If pictures appear in the lines below, skip them and copy exactly the lines from the one containing "1893 $10 Liberty" through the one containing "Mocasini dama Piele", and nothing else.

• RECORD EXCERPTS:
#####
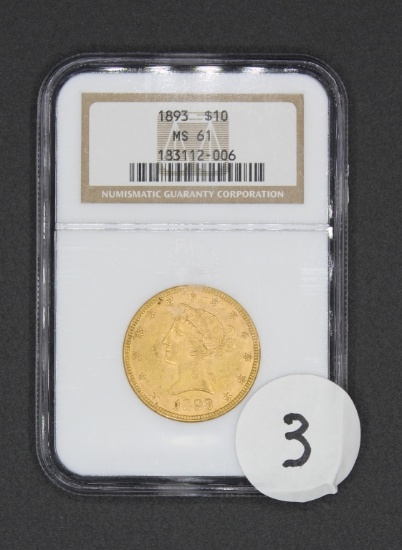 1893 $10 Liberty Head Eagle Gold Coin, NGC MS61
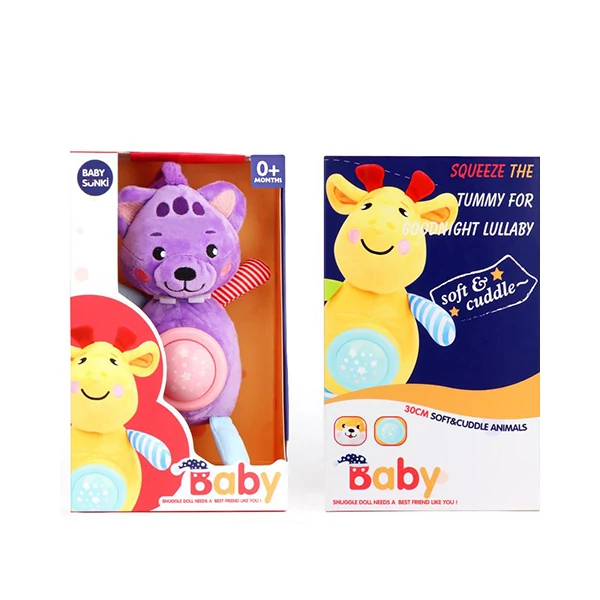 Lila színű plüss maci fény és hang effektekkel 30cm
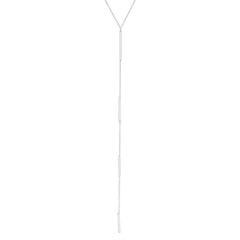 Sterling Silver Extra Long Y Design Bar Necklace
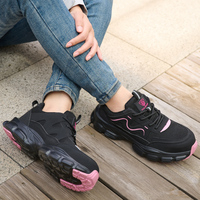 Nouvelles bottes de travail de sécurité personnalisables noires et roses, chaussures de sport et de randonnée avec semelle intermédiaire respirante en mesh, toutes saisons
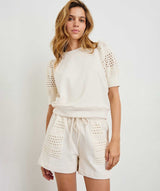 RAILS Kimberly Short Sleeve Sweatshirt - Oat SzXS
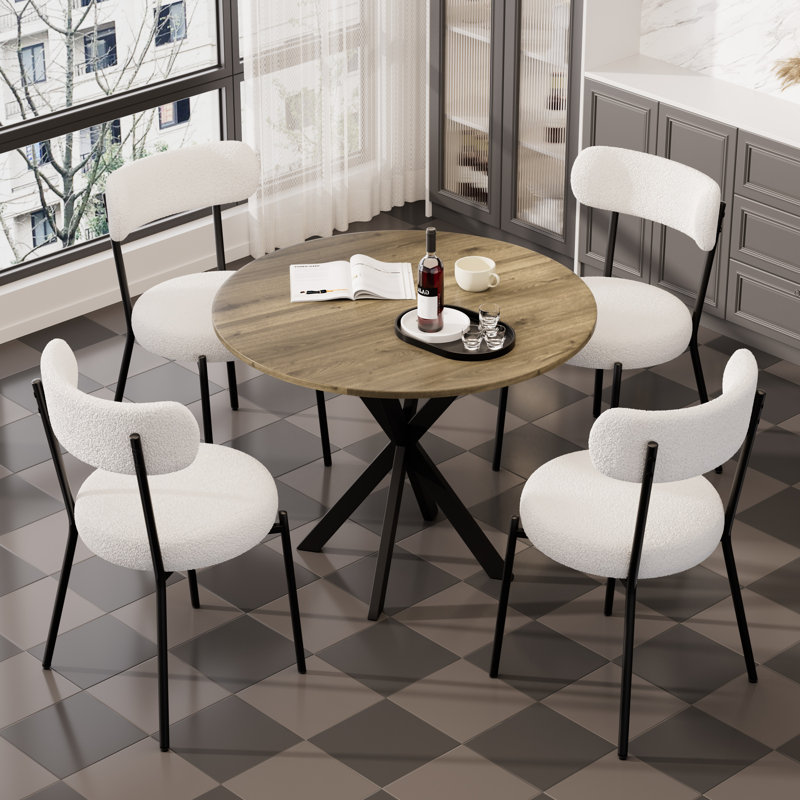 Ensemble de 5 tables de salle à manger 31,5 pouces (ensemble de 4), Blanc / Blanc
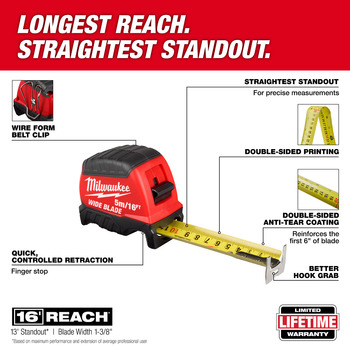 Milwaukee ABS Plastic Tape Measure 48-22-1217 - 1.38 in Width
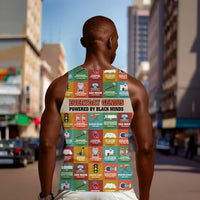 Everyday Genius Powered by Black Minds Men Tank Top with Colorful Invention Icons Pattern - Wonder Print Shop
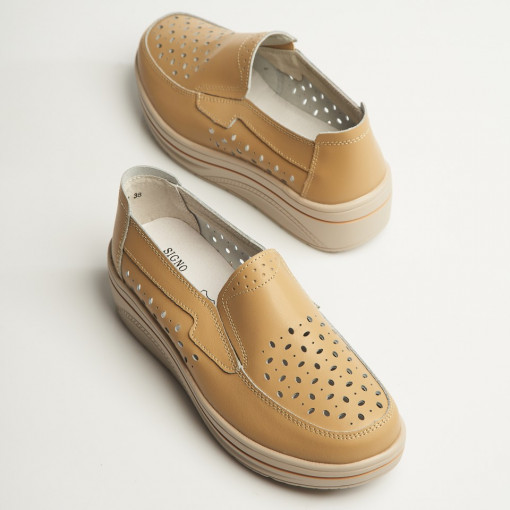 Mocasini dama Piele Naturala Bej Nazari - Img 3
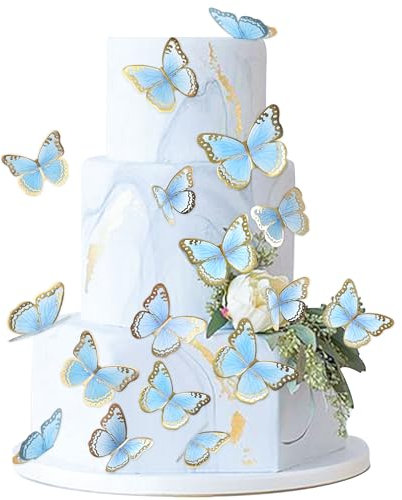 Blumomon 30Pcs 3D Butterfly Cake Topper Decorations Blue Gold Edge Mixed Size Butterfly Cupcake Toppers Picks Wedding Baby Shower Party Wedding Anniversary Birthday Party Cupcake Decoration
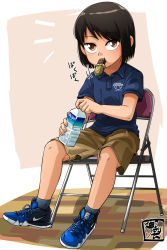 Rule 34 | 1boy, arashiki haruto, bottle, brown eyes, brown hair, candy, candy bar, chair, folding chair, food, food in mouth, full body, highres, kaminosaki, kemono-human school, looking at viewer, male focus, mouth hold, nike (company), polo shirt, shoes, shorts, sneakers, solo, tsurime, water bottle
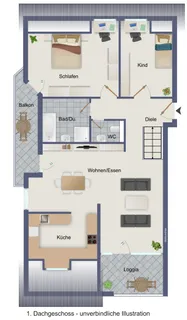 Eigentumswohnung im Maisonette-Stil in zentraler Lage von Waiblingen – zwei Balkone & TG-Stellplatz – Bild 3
#####
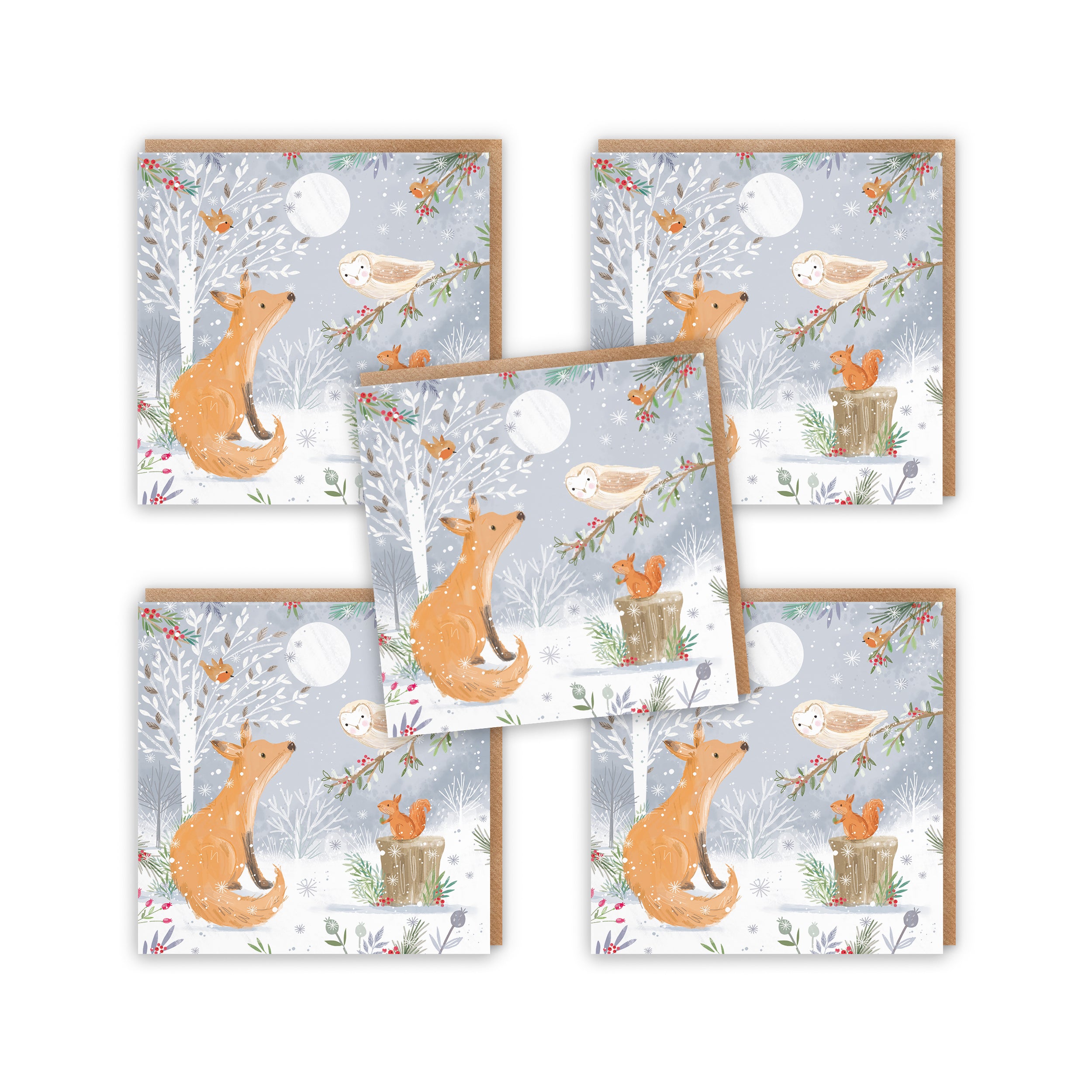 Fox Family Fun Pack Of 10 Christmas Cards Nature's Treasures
#####
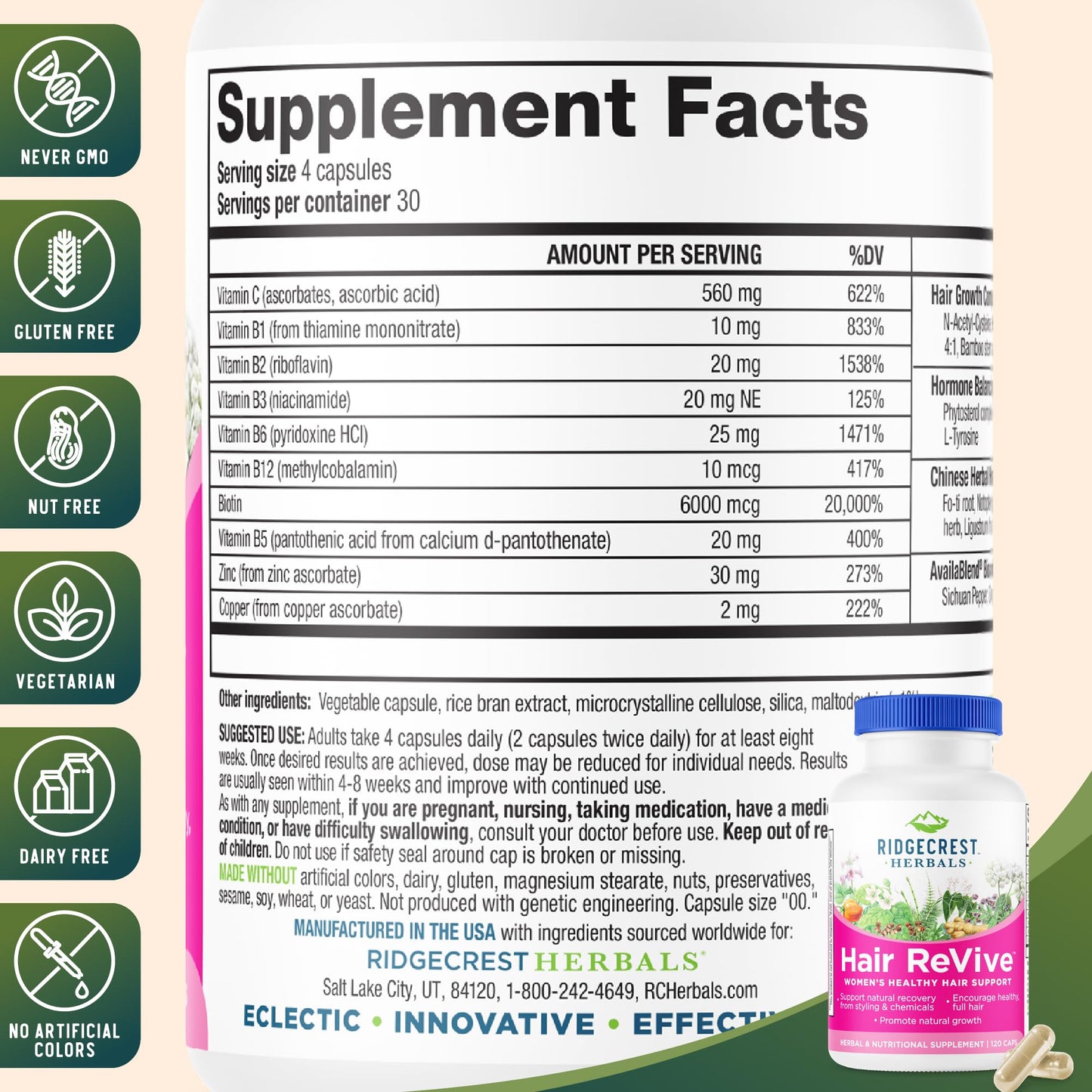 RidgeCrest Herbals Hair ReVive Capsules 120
#####
• YOUR RESPONSE:
 1893 $10 Liberty Head Eagle Gold Coin, NGC MS61
 Lila színű plüss maci fény és hang effektekkel 30cm
 Sterling Silver Extra Long Y Design Bar Necklace
 Nouvelles bottes de travail de sécurité personnalisables noires et roses, chaussures de sport et de randonnée avec semelle intermédiaire respirante en mesh, toutes saisons
 RAILS Kimberly Short Sleeve Sweatshirt - Oat SzXS
 Ensemble de 5 tables de salle à manger 31,5 pouces (ensemble de 4), Blanc / Blanc
 Milwaukee ABS Plastic Tape Measure 48-22-1217 - 1.38 in Width
 Everyday Genius Powered by Black Minds Men Tank Top with Colorful Invention Icons Pattern - Wonder Print Shop
 Mocasini dama Piele Naturala Bej Nazari - Img 3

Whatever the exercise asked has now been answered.